A Harvard Business Review (HBR) blog entitled The Embarrassment of Complexity concludes that we need to:
“Draw on the faculty of human judgment to focus on the smaller picture in order to comprehend the larger one”
But why, at a time that Big Data grabs so many headlines, should we focus on small data? Well, for several reasons, small turns out to be really interesting:
- As people interact over time, small differences between them can create novel patterns across organisations, industries and communities. And these can never be predicted in advance. In a similar vein, who’d have thought that flocking starlings could resemble a whale chasing a dolphin across the sky?
- Small events can have large consequences, known as the Butterfly Effect. Anyone remember the throwaway comment which led to the demise of Gerald Ratner’s business empire?
- Outliers – small numbers of odd, unexpected, unusual things, cannot safely be ignored. They deserve our attention. We can ask ‘why are they there?’ and ‘what do they mean?’, just as Malcolm Gladwell, or Sir Alex Ferguson have done.
- Small things can serve as weak signals – giving us early warning signs of emerging problems and opportunities. In 2008/9 we found it hard to believe that more questions hadn’t been asked about bankers’ bonuses.
So big data is big, but it’s the computer analytics that help us to see patterns in that data, which are clever. The danger here is that we’re always using our old ways of thinking to make sense. So we may well miss small data and weak signals which are potentially frame changing – heralding completely new patterns that we may never have seen before.

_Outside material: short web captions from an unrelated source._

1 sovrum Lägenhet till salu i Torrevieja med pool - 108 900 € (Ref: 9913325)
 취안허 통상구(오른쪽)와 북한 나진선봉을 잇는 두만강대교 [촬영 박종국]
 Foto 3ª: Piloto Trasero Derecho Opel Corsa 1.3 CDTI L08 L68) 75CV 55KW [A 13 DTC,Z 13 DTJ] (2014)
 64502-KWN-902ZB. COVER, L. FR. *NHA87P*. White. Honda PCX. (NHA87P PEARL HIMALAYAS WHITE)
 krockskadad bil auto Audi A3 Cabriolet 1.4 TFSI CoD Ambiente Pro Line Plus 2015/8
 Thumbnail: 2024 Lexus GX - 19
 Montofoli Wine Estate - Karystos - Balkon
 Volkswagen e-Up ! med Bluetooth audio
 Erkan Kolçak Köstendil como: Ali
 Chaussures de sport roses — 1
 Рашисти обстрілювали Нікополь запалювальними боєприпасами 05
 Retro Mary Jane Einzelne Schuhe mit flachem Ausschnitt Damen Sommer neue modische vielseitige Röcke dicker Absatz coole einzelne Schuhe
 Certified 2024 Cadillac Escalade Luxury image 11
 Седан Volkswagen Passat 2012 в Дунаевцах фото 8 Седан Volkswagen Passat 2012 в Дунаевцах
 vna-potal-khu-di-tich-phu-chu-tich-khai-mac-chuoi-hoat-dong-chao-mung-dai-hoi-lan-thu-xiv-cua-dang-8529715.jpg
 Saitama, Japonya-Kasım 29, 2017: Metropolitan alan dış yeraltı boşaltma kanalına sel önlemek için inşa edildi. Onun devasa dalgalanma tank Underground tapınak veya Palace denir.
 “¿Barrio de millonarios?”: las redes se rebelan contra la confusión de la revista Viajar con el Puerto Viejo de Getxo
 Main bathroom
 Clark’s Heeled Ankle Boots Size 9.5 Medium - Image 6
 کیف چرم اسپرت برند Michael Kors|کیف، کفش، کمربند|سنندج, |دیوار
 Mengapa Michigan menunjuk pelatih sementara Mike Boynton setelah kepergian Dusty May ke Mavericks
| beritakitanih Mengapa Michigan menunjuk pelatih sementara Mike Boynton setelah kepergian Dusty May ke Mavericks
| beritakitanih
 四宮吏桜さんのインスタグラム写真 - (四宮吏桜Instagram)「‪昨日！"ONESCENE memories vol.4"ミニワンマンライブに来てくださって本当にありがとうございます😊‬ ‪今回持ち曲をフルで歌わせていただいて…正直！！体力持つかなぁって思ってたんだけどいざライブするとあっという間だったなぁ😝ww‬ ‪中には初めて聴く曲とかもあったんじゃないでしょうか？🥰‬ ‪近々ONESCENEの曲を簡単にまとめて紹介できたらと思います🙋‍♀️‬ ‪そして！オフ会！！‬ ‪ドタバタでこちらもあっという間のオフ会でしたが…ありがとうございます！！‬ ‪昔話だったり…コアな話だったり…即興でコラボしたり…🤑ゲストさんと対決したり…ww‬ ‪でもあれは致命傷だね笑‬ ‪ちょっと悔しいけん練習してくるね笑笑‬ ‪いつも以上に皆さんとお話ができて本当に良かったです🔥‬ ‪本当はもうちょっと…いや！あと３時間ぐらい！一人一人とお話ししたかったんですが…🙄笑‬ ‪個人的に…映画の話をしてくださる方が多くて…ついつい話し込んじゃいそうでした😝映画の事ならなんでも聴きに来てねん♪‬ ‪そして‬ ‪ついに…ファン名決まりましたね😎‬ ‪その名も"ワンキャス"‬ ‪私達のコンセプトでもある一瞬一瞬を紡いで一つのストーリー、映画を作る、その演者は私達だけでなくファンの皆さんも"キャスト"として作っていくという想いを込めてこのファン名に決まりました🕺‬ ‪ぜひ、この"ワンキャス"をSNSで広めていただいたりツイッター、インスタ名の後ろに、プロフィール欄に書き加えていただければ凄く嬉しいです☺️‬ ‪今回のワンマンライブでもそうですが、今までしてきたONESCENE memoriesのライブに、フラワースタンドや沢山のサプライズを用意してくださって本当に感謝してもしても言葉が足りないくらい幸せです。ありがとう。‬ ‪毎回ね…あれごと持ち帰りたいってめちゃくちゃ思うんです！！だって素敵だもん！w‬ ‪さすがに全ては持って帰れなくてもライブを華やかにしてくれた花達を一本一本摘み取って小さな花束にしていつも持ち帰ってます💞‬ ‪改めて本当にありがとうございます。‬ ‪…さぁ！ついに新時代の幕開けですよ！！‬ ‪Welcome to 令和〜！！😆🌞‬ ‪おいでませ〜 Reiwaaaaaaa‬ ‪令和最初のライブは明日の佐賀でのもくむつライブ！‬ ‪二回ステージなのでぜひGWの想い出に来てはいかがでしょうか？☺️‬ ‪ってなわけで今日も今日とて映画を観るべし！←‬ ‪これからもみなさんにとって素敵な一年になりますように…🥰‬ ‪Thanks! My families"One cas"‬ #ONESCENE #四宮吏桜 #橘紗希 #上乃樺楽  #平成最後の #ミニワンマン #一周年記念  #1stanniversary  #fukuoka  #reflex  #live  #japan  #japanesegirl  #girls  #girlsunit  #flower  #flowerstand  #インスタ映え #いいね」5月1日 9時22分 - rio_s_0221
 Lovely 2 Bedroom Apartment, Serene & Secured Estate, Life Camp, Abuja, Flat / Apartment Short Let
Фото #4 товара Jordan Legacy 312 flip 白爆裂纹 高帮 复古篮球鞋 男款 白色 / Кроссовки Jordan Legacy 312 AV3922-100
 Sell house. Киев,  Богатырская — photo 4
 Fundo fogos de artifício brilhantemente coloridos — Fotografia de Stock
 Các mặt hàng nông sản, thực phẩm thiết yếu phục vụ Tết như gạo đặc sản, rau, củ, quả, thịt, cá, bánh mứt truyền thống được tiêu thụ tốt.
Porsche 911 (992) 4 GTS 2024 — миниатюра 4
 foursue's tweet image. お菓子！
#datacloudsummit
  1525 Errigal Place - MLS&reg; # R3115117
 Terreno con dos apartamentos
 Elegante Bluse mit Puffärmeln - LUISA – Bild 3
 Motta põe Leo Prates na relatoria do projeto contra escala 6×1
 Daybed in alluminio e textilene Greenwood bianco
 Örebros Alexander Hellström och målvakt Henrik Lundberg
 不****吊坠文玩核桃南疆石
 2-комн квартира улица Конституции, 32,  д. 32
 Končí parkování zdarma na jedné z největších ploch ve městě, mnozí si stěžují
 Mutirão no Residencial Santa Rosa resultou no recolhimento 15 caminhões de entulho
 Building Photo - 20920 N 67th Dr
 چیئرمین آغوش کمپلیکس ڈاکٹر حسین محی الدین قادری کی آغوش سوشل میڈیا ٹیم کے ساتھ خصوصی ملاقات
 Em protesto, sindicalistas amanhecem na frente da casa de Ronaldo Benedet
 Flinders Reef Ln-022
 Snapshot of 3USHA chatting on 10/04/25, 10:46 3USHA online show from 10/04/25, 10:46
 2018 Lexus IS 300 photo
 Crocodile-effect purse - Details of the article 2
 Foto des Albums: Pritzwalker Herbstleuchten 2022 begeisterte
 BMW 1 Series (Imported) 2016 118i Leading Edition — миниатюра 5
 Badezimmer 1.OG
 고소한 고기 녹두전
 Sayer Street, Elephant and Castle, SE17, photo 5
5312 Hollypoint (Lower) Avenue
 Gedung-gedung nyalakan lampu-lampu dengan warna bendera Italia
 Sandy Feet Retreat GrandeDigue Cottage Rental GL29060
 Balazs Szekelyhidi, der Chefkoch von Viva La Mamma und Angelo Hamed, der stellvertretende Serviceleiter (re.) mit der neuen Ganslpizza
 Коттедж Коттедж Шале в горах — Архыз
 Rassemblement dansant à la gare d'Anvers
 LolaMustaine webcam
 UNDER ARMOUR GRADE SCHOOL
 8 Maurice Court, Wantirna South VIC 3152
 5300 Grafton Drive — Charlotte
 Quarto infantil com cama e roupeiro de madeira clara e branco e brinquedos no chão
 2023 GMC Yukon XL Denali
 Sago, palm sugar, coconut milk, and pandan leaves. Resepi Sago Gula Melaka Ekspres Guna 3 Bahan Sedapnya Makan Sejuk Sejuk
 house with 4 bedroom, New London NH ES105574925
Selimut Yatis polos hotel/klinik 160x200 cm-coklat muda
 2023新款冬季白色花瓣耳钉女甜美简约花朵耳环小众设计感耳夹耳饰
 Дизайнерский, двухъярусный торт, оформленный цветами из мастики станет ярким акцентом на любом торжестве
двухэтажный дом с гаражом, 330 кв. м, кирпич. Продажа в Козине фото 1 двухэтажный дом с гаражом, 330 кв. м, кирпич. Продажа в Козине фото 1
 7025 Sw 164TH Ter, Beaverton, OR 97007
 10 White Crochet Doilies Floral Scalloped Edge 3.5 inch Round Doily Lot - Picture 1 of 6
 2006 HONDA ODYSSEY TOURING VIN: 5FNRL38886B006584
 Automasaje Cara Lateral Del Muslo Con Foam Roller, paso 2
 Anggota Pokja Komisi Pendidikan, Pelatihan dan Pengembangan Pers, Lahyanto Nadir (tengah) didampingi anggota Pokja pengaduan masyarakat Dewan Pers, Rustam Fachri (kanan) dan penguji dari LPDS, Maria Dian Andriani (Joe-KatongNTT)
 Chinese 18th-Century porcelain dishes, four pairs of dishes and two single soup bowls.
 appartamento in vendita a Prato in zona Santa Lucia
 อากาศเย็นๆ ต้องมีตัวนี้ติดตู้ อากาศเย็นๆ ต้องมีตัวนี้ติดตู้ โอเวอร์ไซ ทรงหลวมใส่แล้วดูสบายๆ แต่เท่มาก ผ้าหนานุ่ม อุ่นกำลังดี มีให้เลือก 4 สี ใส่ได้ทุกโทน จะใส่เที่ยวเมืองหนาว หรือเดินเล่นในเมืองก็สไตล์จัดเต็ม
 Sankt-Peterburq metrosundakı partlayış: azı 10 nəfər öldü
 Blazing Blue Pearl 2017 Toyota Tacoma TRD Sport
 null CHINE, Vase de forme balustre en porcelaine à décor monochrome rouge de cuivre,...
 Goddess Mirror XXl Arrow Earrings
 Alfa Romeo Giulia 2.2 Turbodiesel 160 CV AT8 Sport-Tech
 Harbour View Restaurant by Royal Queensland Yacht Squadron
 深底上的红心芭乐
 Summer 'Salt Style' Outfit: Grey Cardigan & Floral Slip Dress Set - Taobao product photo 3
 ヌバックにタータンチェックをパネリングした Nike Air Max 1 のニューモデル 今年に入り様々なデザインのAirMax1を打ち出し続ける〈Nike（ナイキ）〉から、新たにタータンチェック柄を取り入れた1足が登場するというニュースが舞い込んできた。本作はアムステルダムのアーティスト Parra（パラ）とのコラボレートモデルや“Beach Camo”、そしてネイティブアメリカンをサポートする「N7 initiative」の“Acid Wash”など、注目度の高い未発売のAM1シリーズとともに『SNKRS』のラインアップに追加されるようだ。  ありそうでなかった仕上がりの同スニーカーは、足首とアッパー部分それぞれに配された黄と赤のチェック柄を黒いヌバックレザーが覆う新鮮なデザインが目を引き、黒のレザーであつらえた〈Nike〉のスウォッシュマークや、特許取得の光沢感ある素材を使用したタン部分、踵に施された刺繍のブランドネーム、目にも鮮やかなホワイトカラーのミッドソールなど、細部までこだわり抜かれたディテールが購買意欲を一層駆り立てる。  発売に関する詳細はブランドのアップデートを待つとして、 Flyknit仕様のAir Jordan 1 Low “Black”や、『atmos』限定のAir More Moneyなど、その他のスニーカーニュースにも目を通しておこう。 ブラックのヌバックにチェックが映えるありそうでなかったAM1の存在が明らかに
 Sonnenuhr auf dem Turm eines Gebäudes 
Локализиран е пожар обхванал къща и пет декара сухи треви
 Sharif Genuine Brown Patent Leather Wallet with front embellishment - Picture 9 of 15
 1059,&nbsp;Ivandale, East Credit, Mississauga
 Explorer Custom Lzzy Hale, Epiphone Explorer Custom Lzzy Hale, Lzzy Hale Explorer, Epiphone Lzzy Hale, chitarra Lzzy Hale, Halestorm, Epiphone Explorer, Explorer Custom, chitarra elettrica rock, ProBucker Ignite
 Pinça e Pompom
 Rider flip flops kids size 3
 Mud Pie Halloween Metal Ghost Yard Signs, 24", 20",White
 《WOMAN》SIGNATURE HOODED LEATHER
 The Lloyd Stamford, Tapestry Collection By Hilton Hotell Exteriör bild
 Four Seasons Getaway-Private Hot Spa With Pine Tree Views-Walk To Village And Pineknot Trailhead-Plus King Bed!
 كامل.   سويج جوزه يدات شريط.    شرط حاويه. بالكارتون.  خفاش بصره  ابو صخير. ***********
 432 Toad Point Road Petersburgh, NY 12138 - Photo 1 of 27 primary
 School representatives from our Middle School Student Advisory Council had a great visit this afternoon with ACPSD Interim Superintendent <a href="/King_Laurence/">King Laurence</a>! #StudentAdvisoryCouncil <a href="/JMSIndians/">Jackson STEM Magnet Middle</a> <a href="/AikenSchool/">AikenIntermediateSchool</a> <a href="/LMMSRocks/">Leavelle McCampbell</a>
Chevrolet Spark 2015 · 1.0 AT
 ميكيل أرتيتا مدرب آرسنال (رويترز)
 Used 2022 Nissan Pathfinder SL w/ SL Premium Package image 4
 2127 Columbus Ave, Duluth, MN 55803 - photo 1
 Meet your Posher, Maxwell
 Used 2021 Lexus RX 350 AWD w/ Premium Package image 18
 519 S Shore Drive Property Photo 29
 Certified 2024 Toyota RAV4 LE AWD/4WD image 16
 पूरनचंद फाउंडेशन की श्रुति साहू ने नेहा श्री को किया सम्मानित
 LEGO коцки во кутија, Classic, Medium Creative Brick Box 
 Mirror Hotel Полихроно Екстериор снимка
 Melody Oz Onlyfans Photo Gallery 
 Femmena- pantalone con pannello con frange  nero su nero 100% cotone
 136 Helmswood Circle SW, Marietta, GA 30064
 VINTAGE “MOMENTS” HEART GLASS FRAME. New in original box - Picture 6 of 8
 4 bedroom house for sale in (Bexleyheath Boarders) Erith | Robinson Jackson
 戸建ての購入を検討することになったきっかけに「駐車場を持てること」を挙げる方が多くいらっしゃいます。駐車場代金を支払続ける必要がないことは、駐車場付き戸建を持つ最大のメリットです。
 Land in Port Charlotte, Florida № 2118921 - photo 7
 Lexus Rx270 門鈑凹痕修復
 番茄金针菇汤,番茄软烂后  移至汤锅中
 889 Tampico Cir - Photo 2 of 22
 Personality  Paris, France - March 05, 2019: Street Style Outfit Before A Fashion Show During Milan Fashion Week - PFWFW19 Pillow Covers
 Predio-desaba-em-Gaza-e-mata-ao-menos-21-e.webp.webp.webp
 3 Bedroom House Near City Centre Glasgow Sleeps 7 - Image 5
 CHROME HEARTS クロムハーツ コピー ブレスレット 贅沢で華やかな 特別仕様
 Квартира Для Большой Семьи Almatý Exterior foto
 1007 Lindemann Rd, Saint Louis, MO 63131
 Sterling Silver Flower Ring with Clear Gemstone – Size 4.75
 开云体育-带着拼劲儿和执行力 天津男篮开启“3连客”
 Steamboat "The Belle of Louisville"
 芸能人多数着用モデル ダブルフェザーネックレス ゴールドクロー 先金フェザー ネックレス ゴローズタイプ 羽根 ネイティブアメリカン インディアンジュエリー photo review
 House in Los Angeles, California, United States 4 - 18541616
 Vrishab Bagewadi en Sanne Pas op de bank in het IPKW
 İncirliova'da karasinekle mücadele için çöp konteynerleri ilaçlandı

The clever thing about small data is how it can signal new opportunities and emerging problems. If we notice and interpret that data, then we can choose how we respond much sooner – helping us to capitalise on emerging opportunities and head off emerging problems
It’s here, in noticing and interpreting small data, that we need to cast off our reliance on data crunching machines and start using and honing our very human skills of perception and judgement. So that’s why I agree with HBR that using human judgement to focus on the smaller picture in order to comprehend the larger one, is such a crucial skill.